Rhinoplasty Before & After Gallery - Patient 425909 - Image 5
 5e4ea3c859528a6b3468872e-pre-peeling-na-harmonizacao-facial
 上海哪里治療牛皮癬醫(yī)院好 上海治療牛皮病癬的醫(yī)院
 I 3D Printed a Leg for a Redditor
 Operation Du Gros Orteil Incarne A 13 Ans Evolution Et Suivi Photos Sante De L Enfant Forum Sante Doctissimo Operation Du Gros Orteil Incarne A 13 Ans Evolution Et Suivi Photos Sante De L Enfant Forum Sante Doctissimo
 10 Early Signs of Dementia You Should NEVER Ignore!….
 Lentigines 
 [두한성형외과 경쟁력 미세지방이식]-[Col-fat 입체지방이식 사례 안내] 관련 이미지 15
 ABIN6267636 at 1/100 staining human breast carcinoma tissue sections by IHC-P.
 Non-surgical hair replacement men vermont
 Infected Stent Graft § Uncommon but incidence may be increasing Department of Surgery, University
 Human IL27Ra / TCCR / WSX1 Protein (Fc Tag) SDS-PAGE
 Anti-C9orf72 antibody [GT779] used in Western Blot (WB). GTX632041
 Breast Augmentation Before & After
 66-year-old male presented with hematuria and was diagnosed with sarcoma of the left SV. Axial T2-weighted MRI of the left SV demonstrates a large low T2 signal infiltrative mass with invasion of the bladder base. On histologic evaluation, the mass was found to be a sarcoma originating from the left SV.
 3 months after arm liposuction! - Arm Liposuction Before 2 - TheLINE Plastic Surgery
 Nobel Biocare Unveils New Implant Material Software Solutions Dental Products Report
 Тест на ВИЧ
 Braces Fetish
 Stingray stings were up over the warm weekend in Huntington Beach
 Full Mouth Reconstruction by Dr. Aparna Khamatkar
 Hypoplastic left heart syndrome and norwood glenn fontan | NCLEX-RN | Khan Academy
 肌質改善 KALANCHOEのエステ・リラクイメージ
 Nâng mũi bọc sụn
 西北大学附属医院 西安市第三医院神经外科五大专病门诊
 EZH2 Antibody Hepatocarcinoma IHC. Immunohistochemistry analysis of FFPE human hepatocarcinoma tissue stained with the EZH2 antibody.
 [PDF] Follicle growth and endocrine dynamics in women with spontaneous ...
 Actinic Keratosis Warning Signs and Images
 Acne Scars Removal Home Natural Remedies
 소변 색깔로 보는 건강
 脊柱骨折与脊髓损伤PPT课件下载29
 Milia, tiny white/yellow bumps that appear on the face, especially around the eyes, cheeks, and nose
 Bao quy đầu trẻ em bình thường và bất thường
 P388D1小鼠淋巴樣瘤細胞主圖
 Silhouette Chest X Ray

—————

■ **Goal of the exercise**:
In your answer, include only the lines above starting at the line that holds "ABIN6267636 at 1/100" and ending at the line that holds "Actinic Keratosis Warning Signs and Images", copied exactly.

■ **Answer for the task**:
 ABIN6267636 at 1/100 staining human breast carcinoma tissue sections by IHC-P.
 Non-surgical hair replacement men vermont
 Infected Stent Graft § Uncommon but incidence may be increasing Department of Surgery, University
 Human IL27Ra / TCCR / WSX1 Protein (Fc Tag) SDS-PAGE
 Anti-C9orf72 antibody [GT779] used in Western Blot (WB). GTX632041
 Breast Augmentation Before & After
 66-year-old male presented with hematuria and was diagnosed with sarcoma of the left SV. Axial T2-weighted MRI of the left SV demonstrates a large low T2 signal infiltrative mass with invasion of the bladder base. On histologic evaluation, the mass was found to be a sarcoma originating from the left SV.
 3 months after arm liposuction! - Arm Liposuction Before 2 - TheLINE Plastic Surgery
 Nobel Biocare Unveils New Implant Material Software Solutions Dental Products Report
 Тест на ВИЧ
 Braces Fetish
 Stingray stings were up over the warm weekend in Huntington Beach
 Full Mouth Reconstruction by Dr. Aparna Khamatkar
 Hypoplastic left heart syndrome and norwood glenn fontan | NCLEX-RN | Khan Academy
 肌質改善 KALANCHOEのエステ・リラクイメージ
 Nâng mũi bọc sụn
 西北大学附属医院 西安市第三医院神经外科五大专病门诊
 EZH2 Antibody Hepatocarcinoma IHC. Immunohistochemistry analysis of FFPE human hepatocarcinoma tissue stained with the EZH2 antibody.
 [PDF] Follicle growth and endocrine dynamics in women with spontaneous ...
 Actinic Keratosis Warning Signs and Images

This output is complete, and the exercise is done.